NB: In sharing this film with an audience, it’s not so much what I want them to take away about my family, but how it relates to theirs or other people they may know but may not completely understand. It would be great if something resonated, brought new context — even to the person sitting on the bus across from them.
Sharing this movie is about opening up dialogue about difficult things, including mental health, that are often swept under the rug— but not in the case of this house!
W&H: What was the biggest challenge in making the film?
NB: Making something that I felt represented the truth, how I felt, and everyone’s perspective in the film while also being entertaining. It took a long time in the edit room to feel like I was telling a story that had all these elements.
W&H: How did you get your film funded? Share some insights into how you got the film made.
NB: While we did get a grant from the Jerome Foundation and small donations here and there, most of production was made by a dedicated team who wanted to see the project through. You can’t really pay for that kind of dedication and I’m eternally grateful for the team. The film was made in association with Gigantic Pictures who came on board during post, and their post house, Gigantic Studios, provided color and sound finishing.
W&H: What inspired you to become a filmmaker?
NB: The film “Donnie Darko.” I want to make movies that are entertaining, nuanced, and complex.
W&H: What’s the best and worst advice you’ve received?
NB: The best advice I got was from cinematographer Lisa Rinzler, who has been a collaborator on the film since the very beginning. She said, “Do the work that scares you.” Well, “Charm Circle” has been terrifying!
W&H: What advice do you have for other women directors?

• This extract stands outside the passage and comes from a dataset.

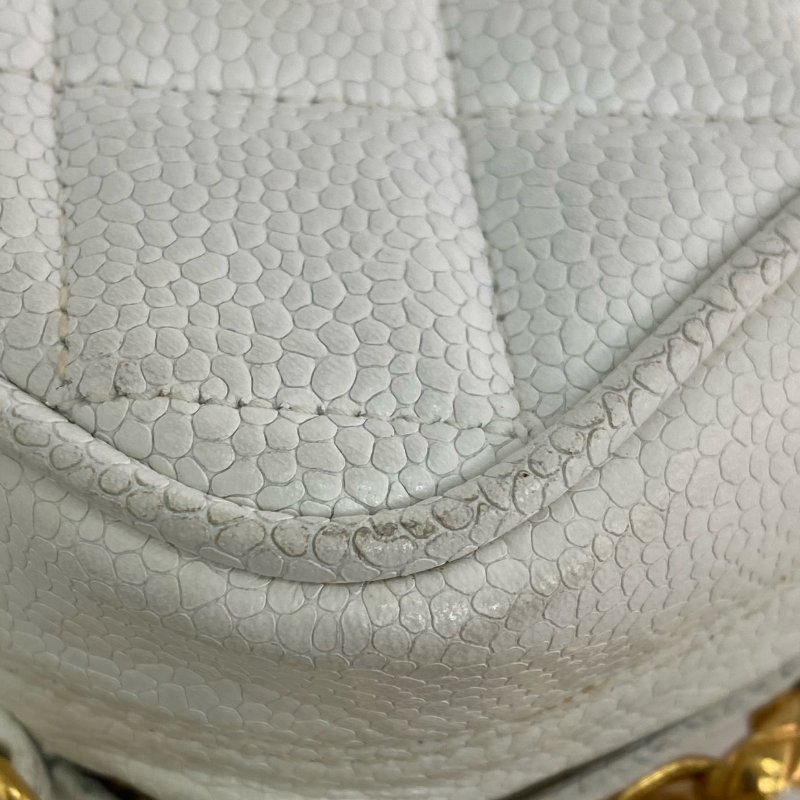 △ Chanel 香奈兒 White Caviar Skin Gold Tone Metal Chain Crossbody Bag No.2 白色粒紋小牛皮金色金屬鎖鏈斜背袋No.2 - 267005419-10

NB: That being a woman is a powerful thing. Know your strengths and harness them. Your individuality, which comprises so many things, makes you unique. Where you need help, build a team that supports you.
W&H: Name your favorite woman-directed film and why.

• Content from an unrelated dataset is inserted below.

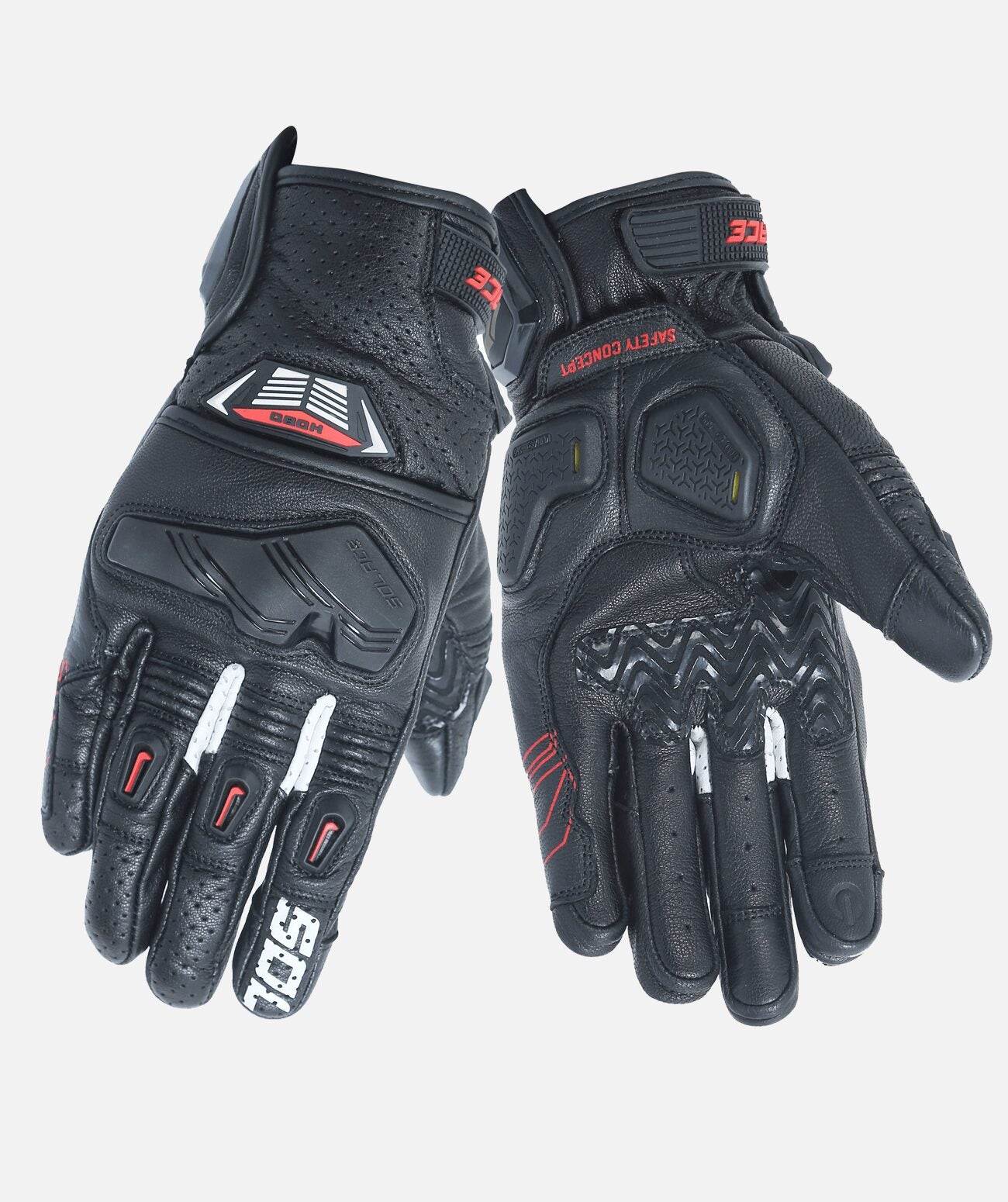 SOLACE Hobo Semi-Gauntlet Gloves - Black Red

NB: Mary Harron’s “American Psycho.” She brought such an incisive and humanistic portrait of a mad man and you could see how his brain worked — and to an uncomfortable degree, I could kind of understand how he got there.
W&H: How are you adjusting to life during the COVID-19 pandemic? Are you keeping creative, and if so, how?
NB: Yes, a lot of writing. I’ve been writing a script with a horror-esque, dark comedy edge to it called “Cassie, Kit & Boy.” I hope to get going on another documentary project soon. I have missed working with the camera during the pandemic and look forward to being on set.
W&H: The film industry has a long history of underrepresenting people of color onscreen and behind the scenes and reinforcing— and creating— negative stereotypes. What actions do you think need to be taken to make the doc world more inclusive?
NB: Those voices need to be in the room, behind the scenes, and in front of the camera collaborating and consulting. I think the best work integrates multiple perspectives, enriching the project’s complexity and building universality.